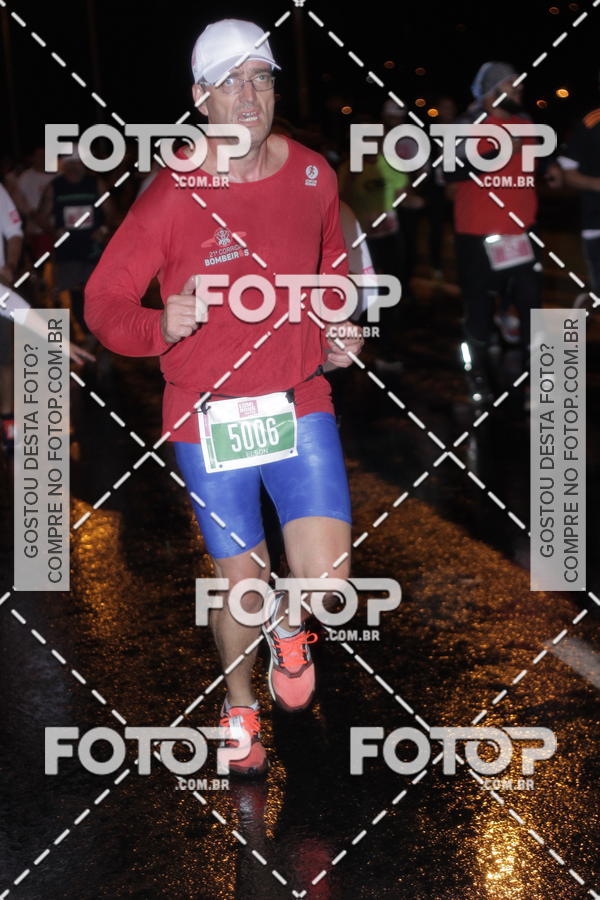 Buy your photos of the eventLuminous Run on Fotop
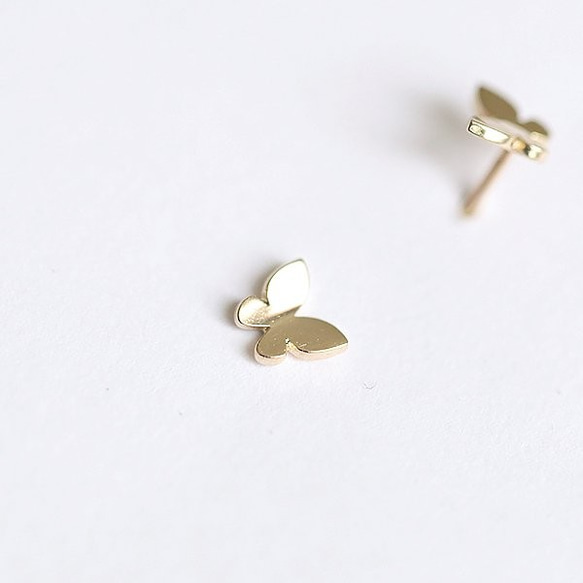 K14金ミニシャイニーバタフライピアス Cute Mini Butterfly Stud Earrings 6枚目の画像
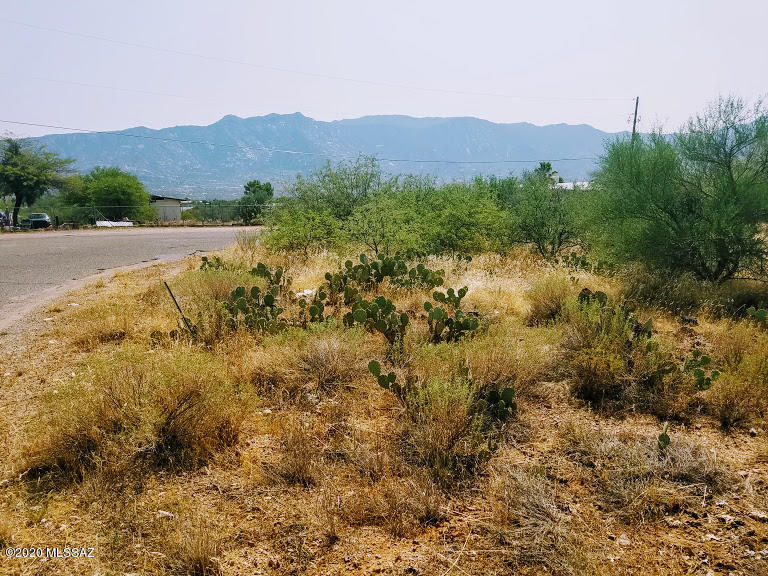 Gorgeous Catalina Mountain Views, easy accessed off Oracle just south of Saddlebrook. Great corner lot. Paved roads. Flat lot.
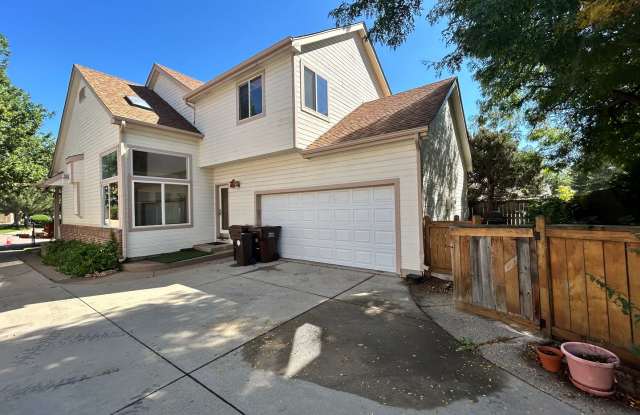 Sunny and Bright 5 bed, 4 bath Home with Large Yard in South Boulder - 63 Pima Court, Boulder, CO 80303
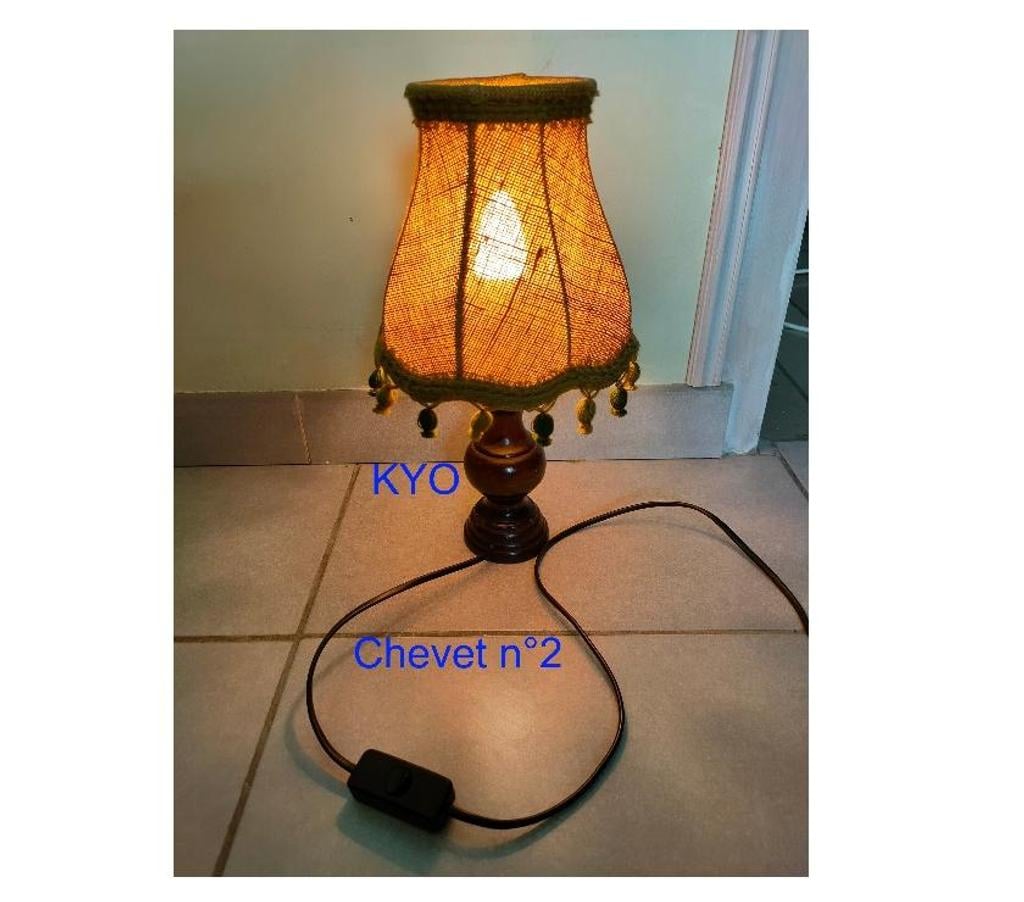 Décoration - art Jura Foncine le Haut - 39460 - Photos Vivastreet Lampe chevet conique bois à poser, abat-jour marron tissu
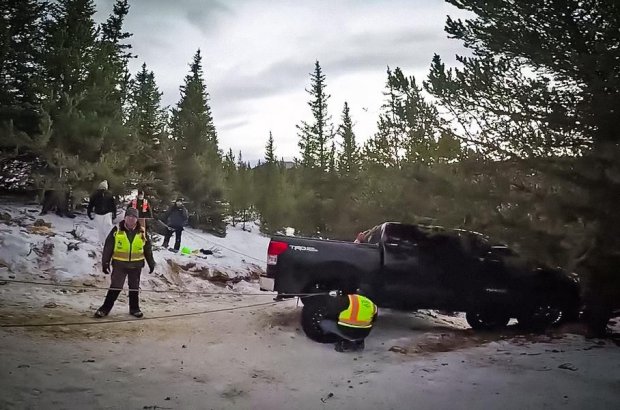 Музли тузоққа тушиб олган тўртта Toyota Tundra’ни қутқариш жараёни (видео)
_ _ _ _ _
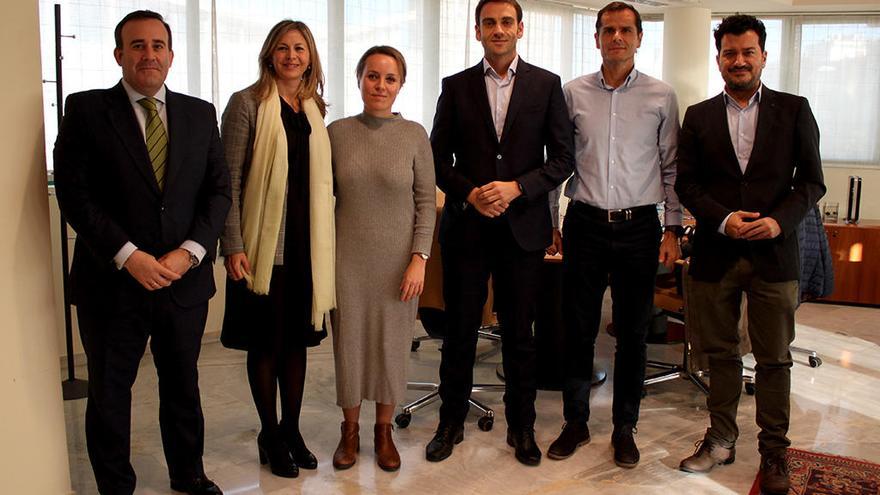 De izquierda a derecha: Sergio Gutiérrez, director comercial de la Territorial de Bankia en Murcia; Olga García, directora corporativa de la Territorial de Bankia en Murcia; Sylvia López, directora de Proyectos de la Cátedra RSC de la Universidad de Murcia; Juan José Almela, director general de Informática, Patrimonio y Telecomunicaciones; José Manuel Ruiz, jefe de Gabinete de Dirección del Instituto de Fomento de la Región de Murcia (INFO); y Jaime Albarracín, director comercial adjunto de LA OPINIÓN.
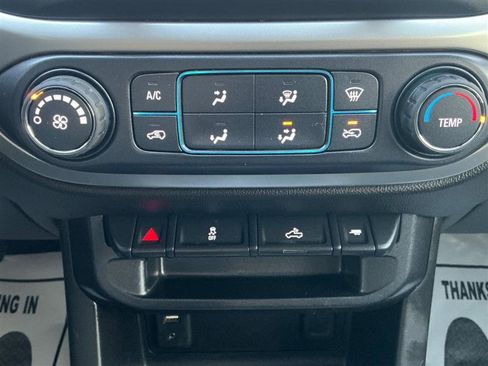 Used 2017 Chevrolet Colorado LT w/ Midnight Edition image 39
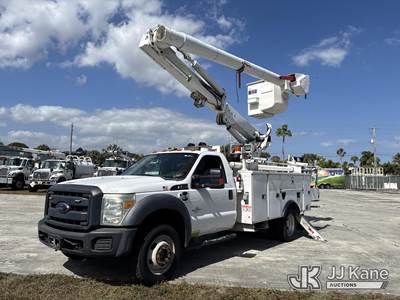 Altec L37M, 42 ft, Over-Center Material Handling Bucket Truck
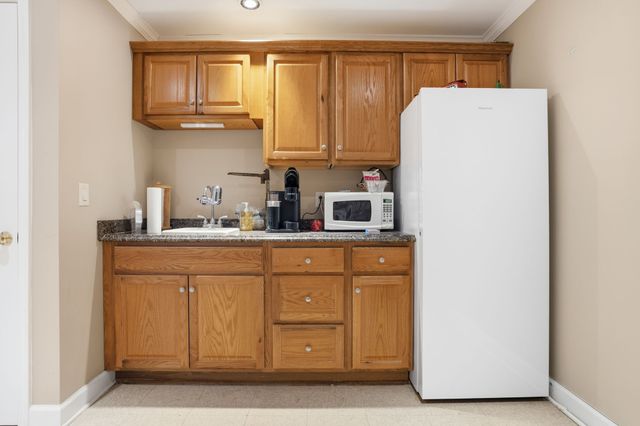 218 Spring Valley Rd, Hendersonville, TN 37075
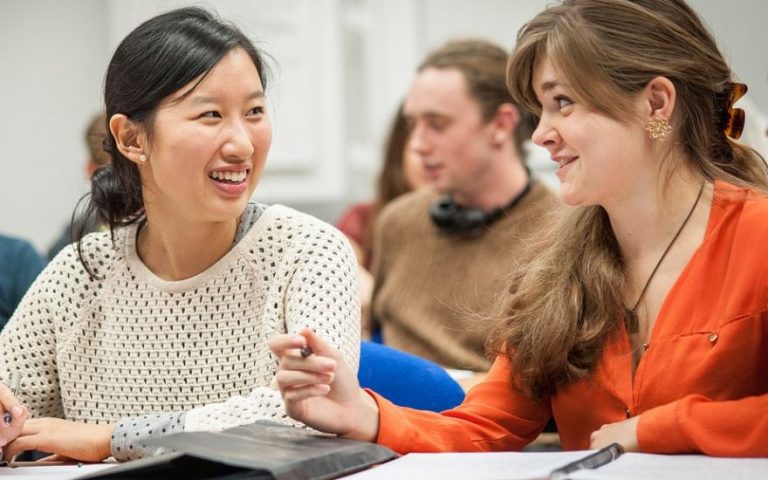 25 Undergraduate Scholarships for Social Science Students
_ _ _ _ _
> _TASK STATEMENT_: Using the data above, retype exactly the lines from the line with "Buy your photos" to the line with "Музли тузоққа тушиб", inclusive. No pictures and nothing else.

> _RESPONSE TO THIS EXERCISE_:
 Buy your photos of the eventLuminous Run on Fotop
 K14金ミニシャイニーバタフライピアス Cute Mini Butterfly Stud Earrings 6枚目の画像
 Gorgeous Catalina Mountain Views, easy accessed off Oracle just south of Saddlebrook. Great corner lot. Paved roads. Flat lot.
 Sunny and Bright 5 bed, 4 bath Home with Large Yard in South Boulder - 63 Pima Court, Boulder, CO 80303
 Décoration - art Jura Foncine le Haut - 39460 - Photos Vivastreet Lampe chevet conique bois à poser, abat-jour marron tissu
 Музли тузоққа тушиб олган тўртта Toyota Tundra’ни қутқариш жараёни (видео)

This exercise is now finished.